The heapfile component consists of the HeapFile, HFPage and Scan classes. Of these, the HFPage code could be re-used in large part from the earlier version of minirel. However, since the heapfile itself is now built on top of totally different interface, most of HeapFile code had to be written afresh. An entire new class Scan was implemented to support sequential scans.
The development of the multiuser versions of the above required us to modify some of the single user code to now deal with shared memory. Further, locking and logging for concurrency control and crash recovery ensured that we had a complete understanding of the primitives offered, their limitations and means of obtaining the best results with them.
The normal operation of the space manager was tested by having a set of tests that use every call in the interface. Then, several pathological cases were explored. We forced the space map to span several pages, by having a large number of pages and a smaller sized page. Then, the allocation and deallocation of runs that span across page boundaries were checked. Similarly, the header page can also overflow. By having a small enough page size (128 bytes), we forced the directory to overflow across several pages and tested the routines that insert, delete and retrieve file entries.
The multiuser version of the space manager uses shared memory for storing the space map and the directory, Synchronization of accesses to shared memory was tested by designing one process to lock the shared memory and sleep for a while. This caused the other processes to block trying to access the shared memory. When the first process woke up and released the lock, the other process could finish its execution.

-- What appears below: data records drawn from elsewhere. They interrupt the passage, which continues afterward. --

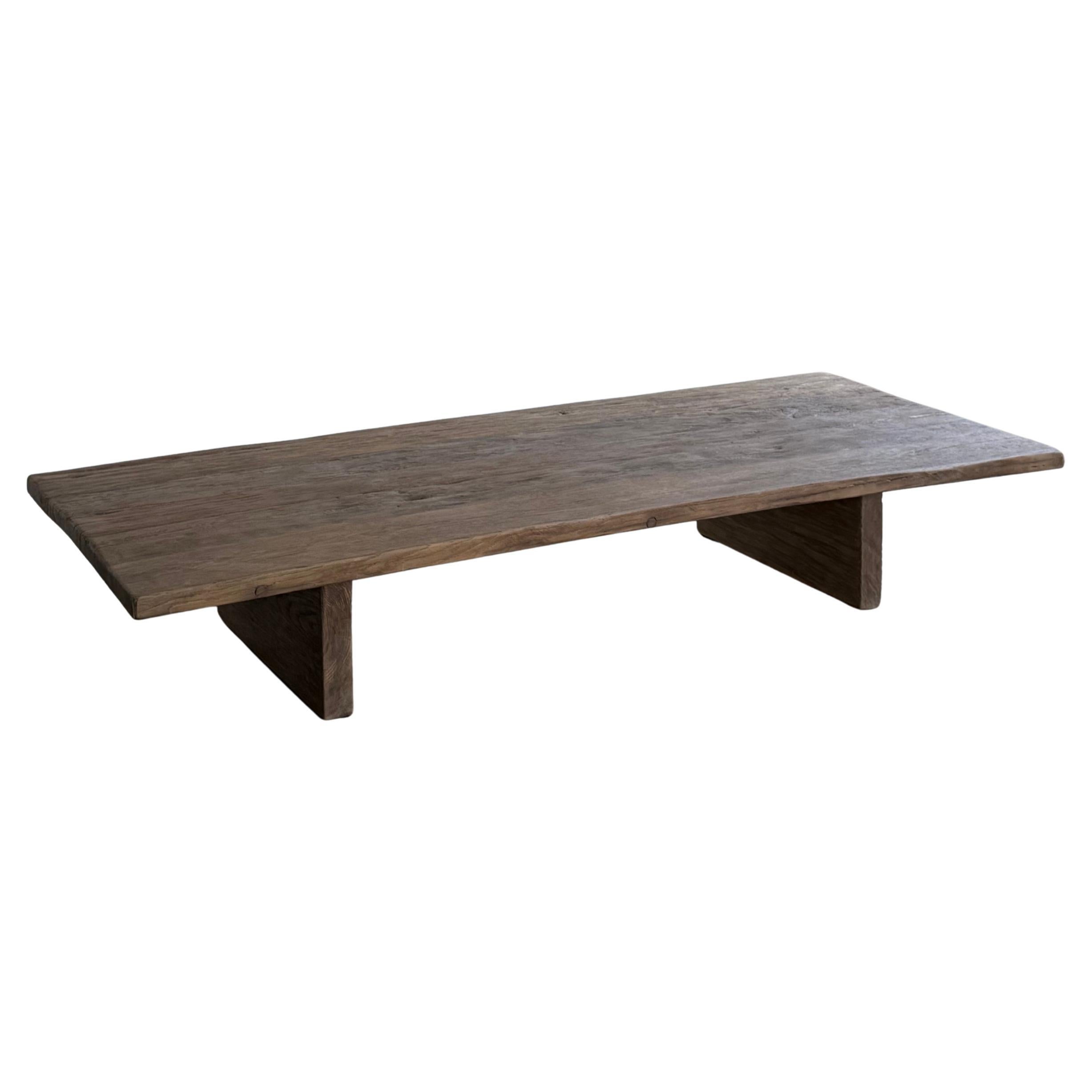 Custom Simplistic Coffee Table in 18th C Oak Wood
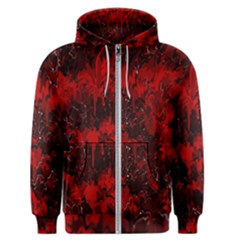 Red Abstract Men s Zipper Hoodie by Dazzleway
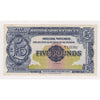 British Armed Forces 1958 5 Pounds, 2nd Series, Pick #M23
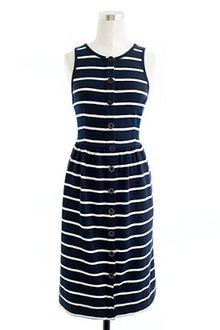 J.Crew Stripe Button Front Dress - Lyst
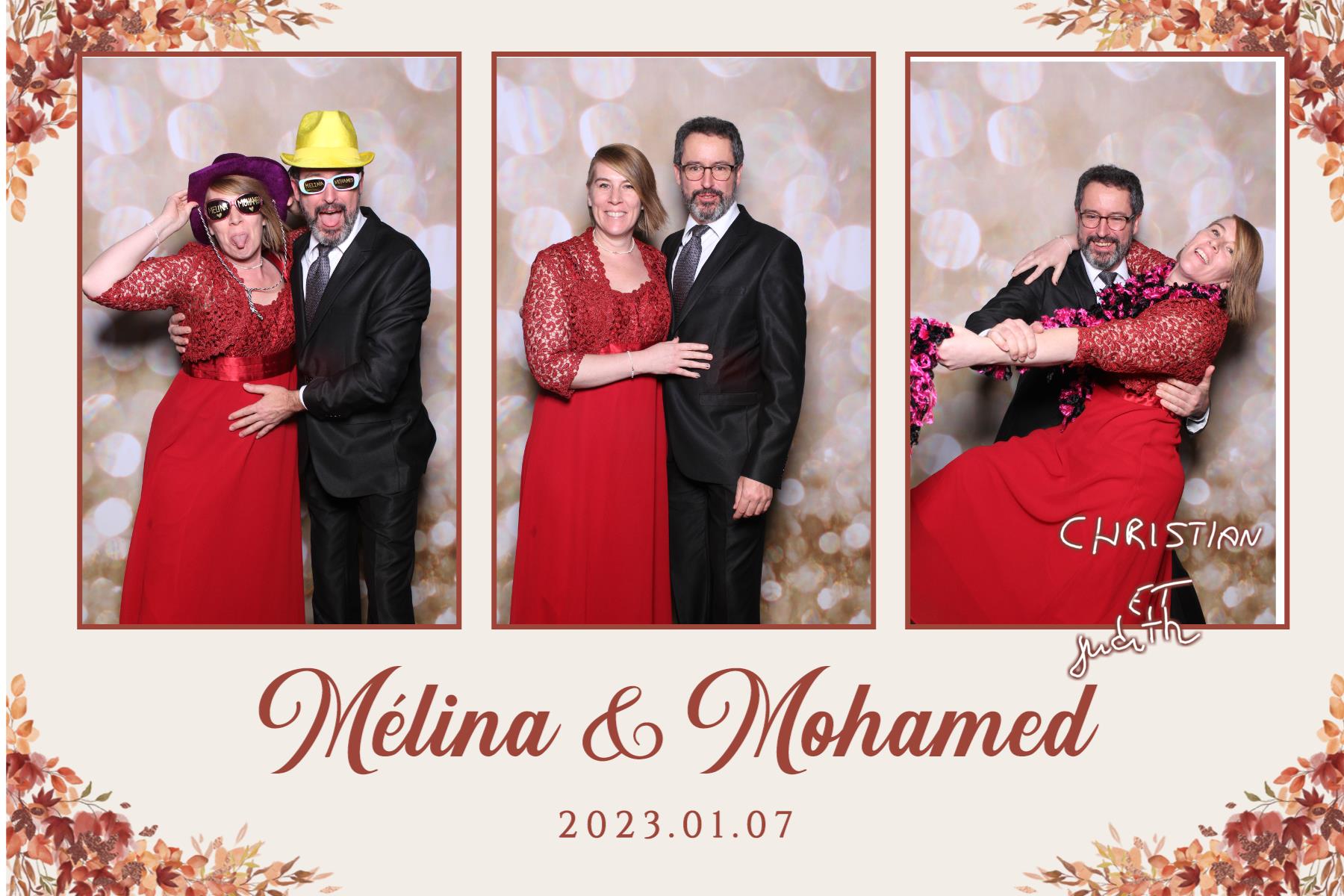 Melina & Mohamed | View more photos from the event at gallery.myselfiemirror.ca/u/romanmyselfiemirrorca/Melina-Mohamed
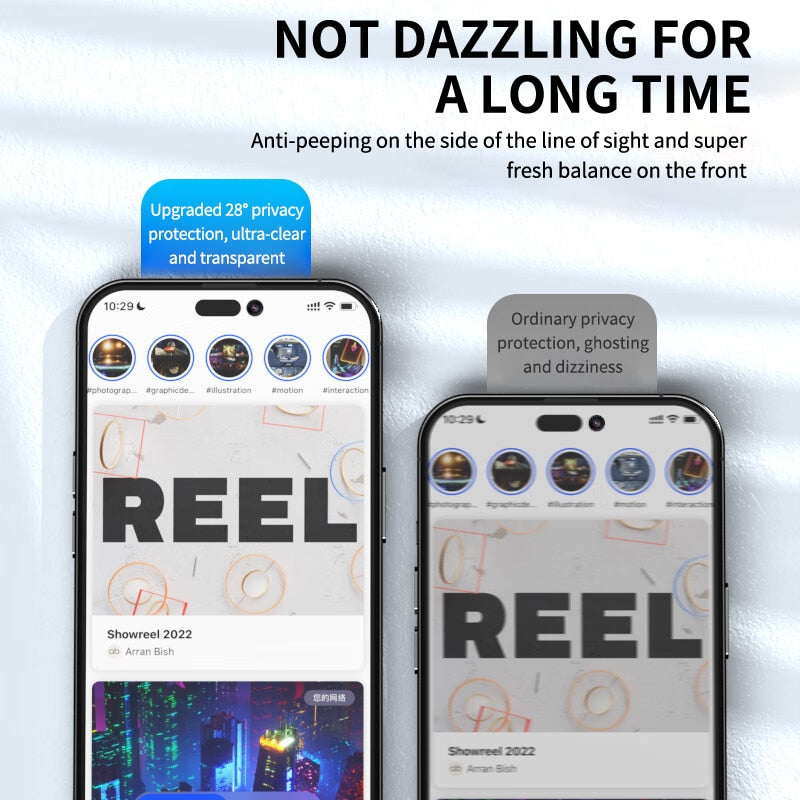 8K HD Full Cover Tempered Glass For iPhone 14 13 12 11 Pro Max Anti Peeping Screen Protector For iPhone XR X XS 14 Plus Glass
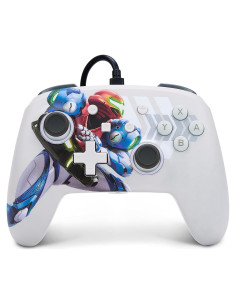 Controlador con cable PowerA para Nintendo Switch Metroid Dread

The heapfile component was exhaustively tested by a series of tests. These use all the methods in the public interface to the heapfile and in several different combinations. We inserted large number of records that caused the heapfile to grow to many pages. Under such conditions, we tested the working of inserts, deletes, scans and all other operations.

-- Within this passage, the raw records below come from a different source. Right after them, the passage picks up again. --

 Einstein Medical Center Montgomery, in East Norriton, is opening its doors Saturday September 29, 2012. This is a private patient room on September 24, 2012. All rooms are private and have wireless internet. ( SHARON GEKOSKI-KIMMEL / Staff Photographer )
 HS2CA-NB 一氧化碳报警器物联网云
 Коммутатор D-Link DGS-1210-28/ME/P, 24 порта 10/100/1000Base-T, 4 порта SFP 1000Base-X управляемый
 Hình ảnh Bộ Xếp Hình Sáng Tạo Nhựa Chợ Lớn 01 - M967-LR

Our code has been integrated with several other components and has been used by them for several weeks. No major bug has been reported by any of them, thus reenforcing the reliability of our code. The space management code has been used by the buffer manager group. Heapfiles have been used by the catalogs group among others.
Currently, there are several restrictions about the use of databases within a process and also among processes. Support for several open databases in a transaction might be useful. Also, processes with different open databases should be permitted to share the same buffer pool.

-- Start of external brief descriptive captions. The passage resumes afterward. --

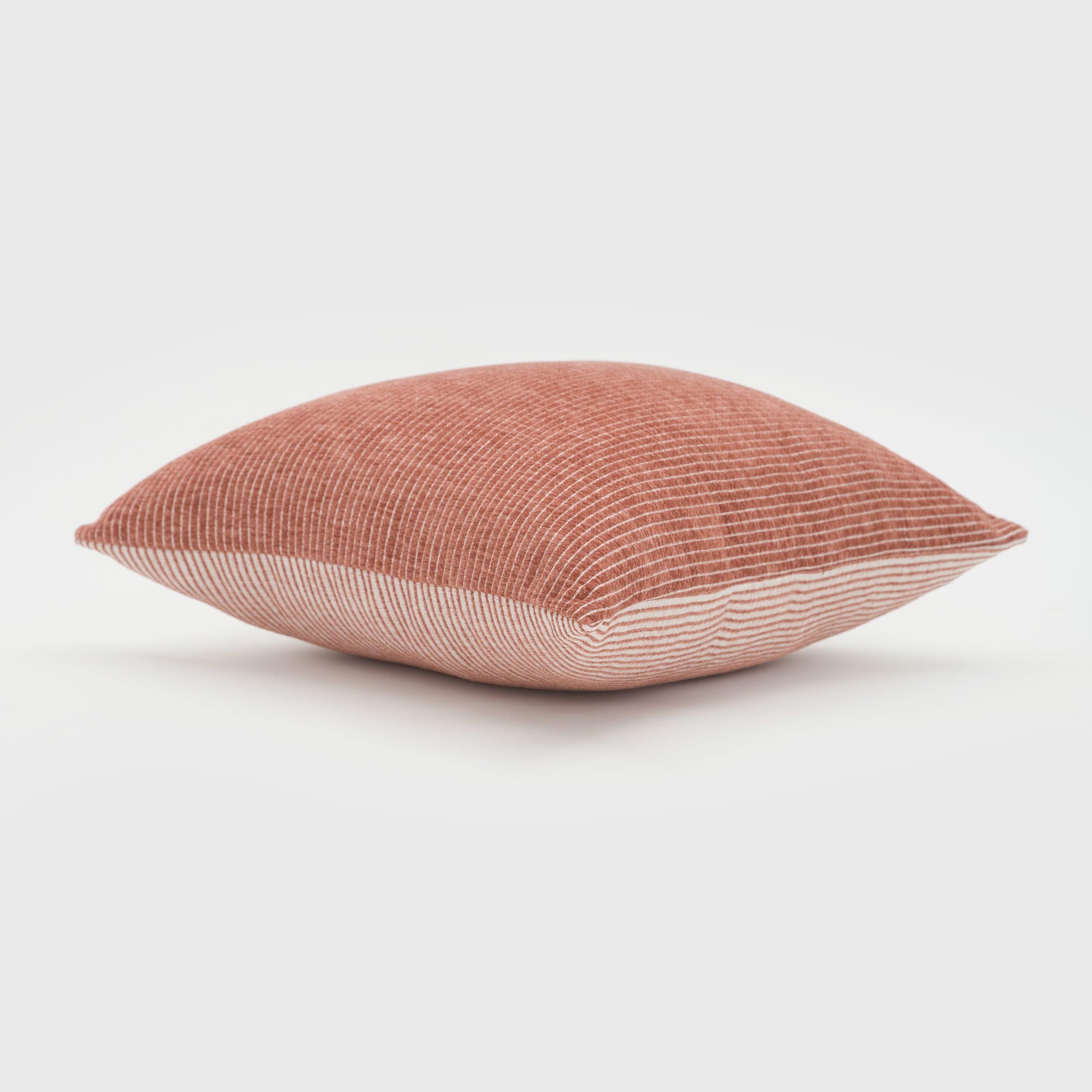 EverGrace Elsa Reversible Pinstripes Striped Reversible Throw Pillow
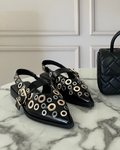 FLATS NEGRAS PLATEADO & DORADO
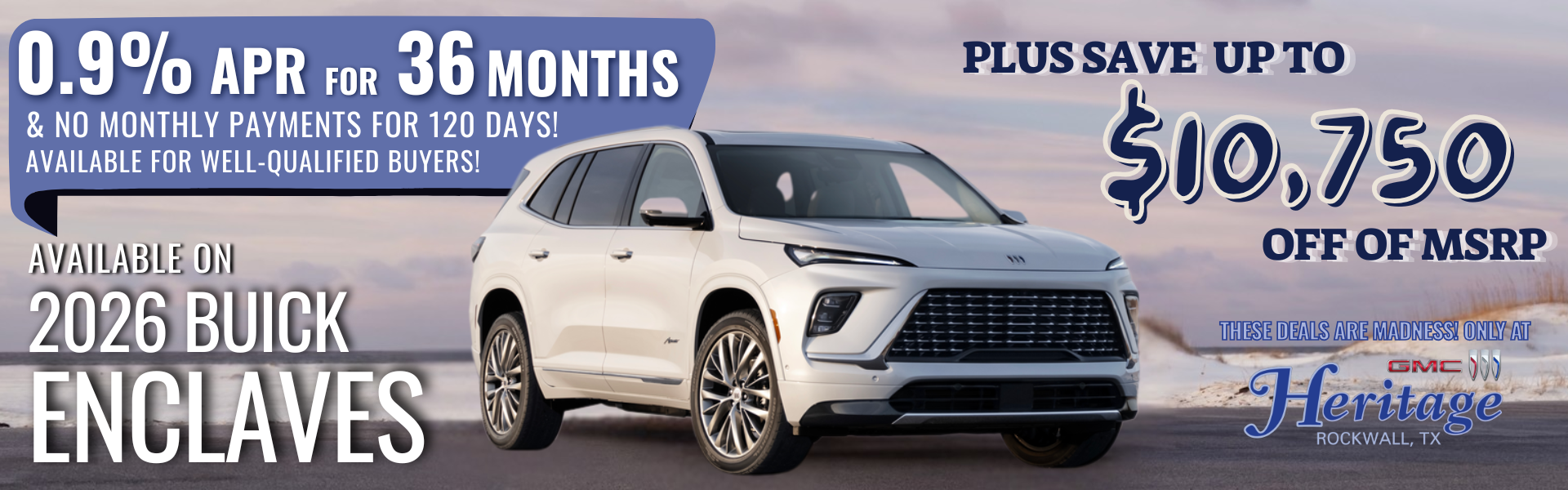 Save up to $10,750 OFF of MSRP on 2026 Buick Enclave!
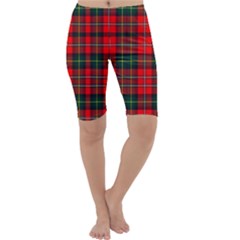 Boyd Modern Tartan 2 Cropped Leggings  by tartantotartansred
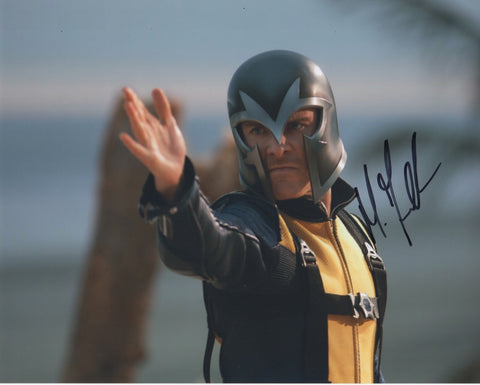 Michael Fassbender X-Men Signed Autograph 8x10 Photo #2 - Outlaw Hobbies Authentic Autographs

The current structure requires that the higher layers talk to the buffer manager most of the time. However, they need to call the DB methods for allocation, deallocation and directory service. It might be better if a common interface that provides all the features is developed.
The shared memory implementation handles only allocation of memory but does not support deallocation. The users should write their own mechanism for managing the deallocated space. In a system like minirel, where several components use shared memory and are developed separately, this would mean a severe case of redundancy of code. Every component has its own free list implementation and some components require the maintenance of several lists. It would be nice if the shared region class also supported deallocation of memory in some clean way.
Only page level locks are supported. This severely restricts the amount of concurrency possible. For instance, a change to a single record on a heapfile page causes the entire page to be locked in exclusive mode. No other transaction can access this page till the previous one committed or aborted. Having locks with different granularities and support for a richer variety of locks would aid high concurrency.
Byte level logging causes high overhead while logging changes to a few bits on the space map. We are not aware of any scheme that avoids this overhead.
As regards our implementation, there is some scope for improvement in the way inserts on heapfiles are handled. We are not sure that maintaining a list of pages with some free space on it is a good solution. Some better scheme needs to be developed that ensures that inserts are both reasonably fast and make efficient use of the available space. Also, we have a restriction on the nature of updates that are possible on records. Use of forwarding pointers can get rid of this restriction.
During the recovery phase, the recovery manager loads the pages into memory and restores the before images for the aborted transaction. This causes a problem in the case of space map and the header pages. These pages are stored in shared memory by the space manager and not in the buffer pool. Thus changes by the recovery manager to these pages do no get reflected in the space manager. A possible solution is that the recovery manager treats these pages in a special manner. It can be given access to the shared memory structure maintained by the space manager and thus, all the changes are made there and not in the buffer pool.